The White House announced the second phase of its reformed environmental review process on Tuesday. Environmental and sustainable energy policy experts say the changes will speed up approval of power transmission for wind and solar farms and semiconductor manufacturing.
The reforms are part of the second and final phase of adjustments to the National Environmental Policy Act (NEPA). In response to President Trump’s overhaul of NEPA, the first phase of reforms began in 2022, when the White House started reversing the former administration’s dismantling of the requirements for projects to consider the effects of their actions on climate change, wildlife, and communities with environmental justice concerns.
The current administration’s reforms clarify that agencies must consider the effects of climate change and environmental justice in environmental reviews.
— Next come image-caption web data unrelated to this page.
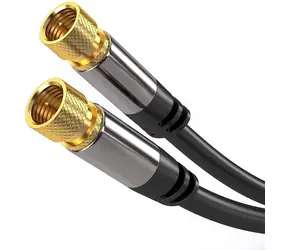 PremiumCord Antena satelitarna Kabel HQ F męski - F męski (135 dB) 4X ekranowany 3M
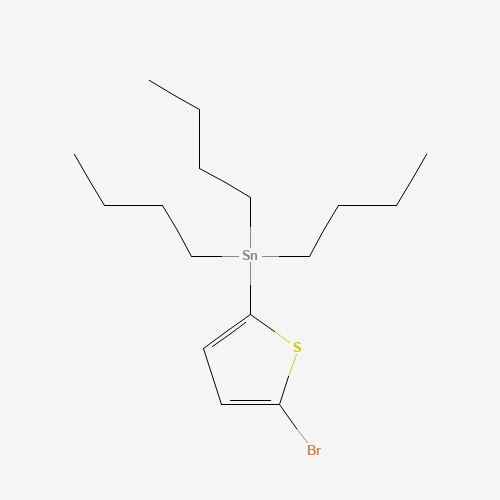 (5-bromothiophen-2-yl)-tributylstannane (CAS: 143724-36-1) - Chemical Structure and Molecular Formula 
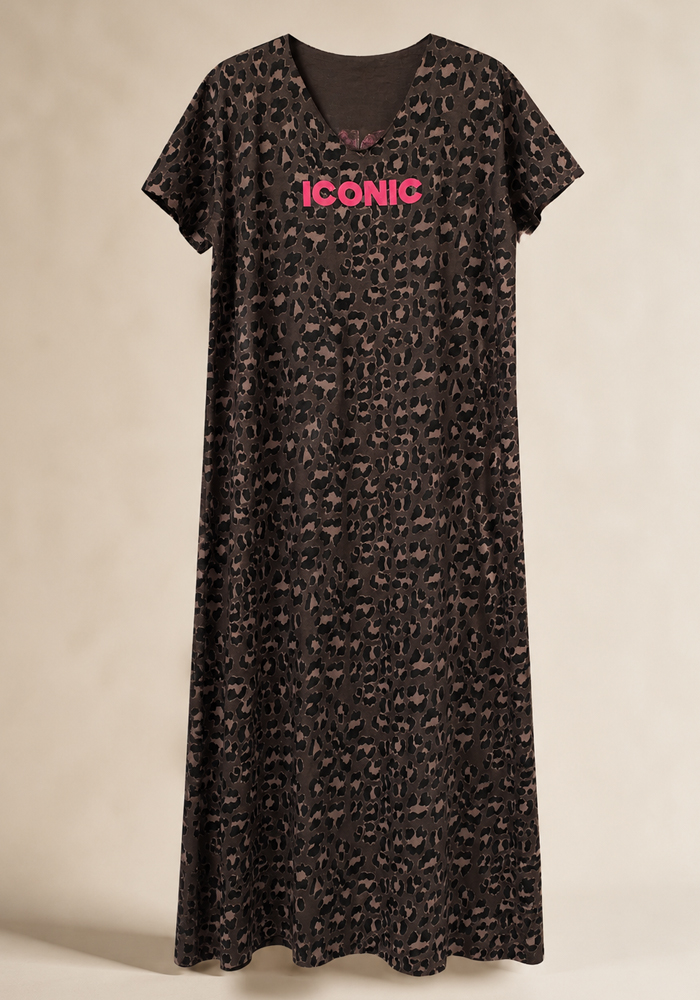 PerfectDress.gr casual λεοπάρ cotton φόρεμα Iconic - 4
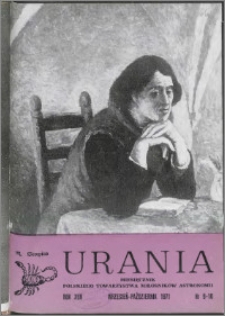 Urania 1971, R. 42 nr 9/10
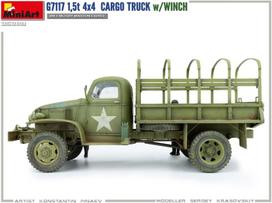 Miniart 35389 1:35 Jav transportinis sunkvežimis G7117 su gerve (2) tiksli kopija, modeliavimas, plastikinis rinkinys, rankdarbiai, hobis, klijavimas, modelio rinkinys, surinkimas, nedažytas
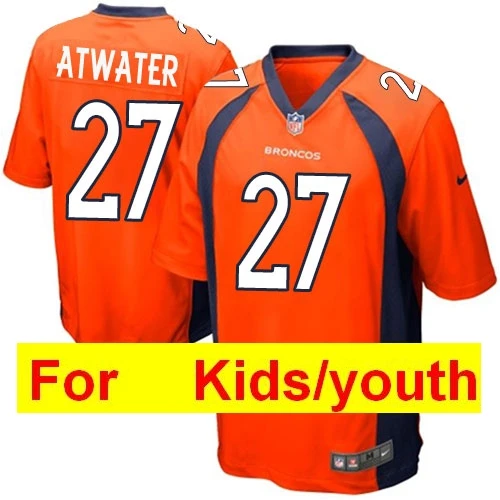 Красный Youth Denver Von Miller Bradley Chubb John Elway Emkidsuel Sanders Steve Atwater Chris Harris Jr color rush Jersey - Цвет: Красный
Additionally, they encourage identifying reasonable alternatives that will mitigate climate impacts and documenting the “reasonably foreseeable” climate impacts.The reforms establish clear one- and two-year deadlines for federal agencies during the review process to speed the process to a just energy transition.
They also set page limits for reviews, streamlining the documentation process. Lead agencies are now tasked with coordinating the review process, ensuring smoother collaboration. New ways have been created for agencies to establish categorical exclusions, the fastest and most common form of environmental review. For example, this applies to transmission lines in areas where the land has already been disturbed and does not require further clearing of trees and habitats. Moreover, it has removed provisions that attempted to curtail judicial review. The Council on Environmental Quality, established by NEPA in 1970, emphasized that the changes “promote sound federal agency decision-making grounded in science.”
Environmental advocates applauded the decision, with Christy Goldfuss, Executive Director at National Resources Defense Council (NRDC) saying, “NEPA leads to better decisions — and better outcomes — for everyone, and it is a relief to finally see it revitalized. Meaningful community engagement is the key to unlocking our clean energy future.”
U.S. Senator Joe Machin, a Democrat from West Virginia who chairs the Senate Energy and Natural Resources Committee, criticized the new rule, saying, “This will only lead to more costly delays and litigation. For this reason, I intend to lead a Congressional Review Act resolution of disapproval to get back to the deal that they cut with Congress and signed into law.”
The oil and gas industry in the US will be impacted by these changes, and the American Petroleum Institute also sent out a statement in response. “This final rulemaking is the opposite of what is needed to create a durable and predictable permitting review process to unleash energy investment in America…NEPA will continue to be the most litigated environmental statute, resulting in more uncertainty.”
As climate change becomes more of a consideration, environmentalists remind policy makers why NEPA was established decades ago. In its complaint to the Trump administration the NRDC reiterated that Congress in 1969 declared that the federal government’s responsibility was to act,
as [a]trustee of the environment for succeeding generations and to use all practicable means to assure . . . safe, healthful, productive, and esthetically and culturally pleasing surroundings, [and to] attain the widest range of beneficial uses of the environment without degradation, risk to health or safety, or other undesirable and unintended consequence. 42 U.S.C. § 4331.
The second phase of the reforms will begin this summer.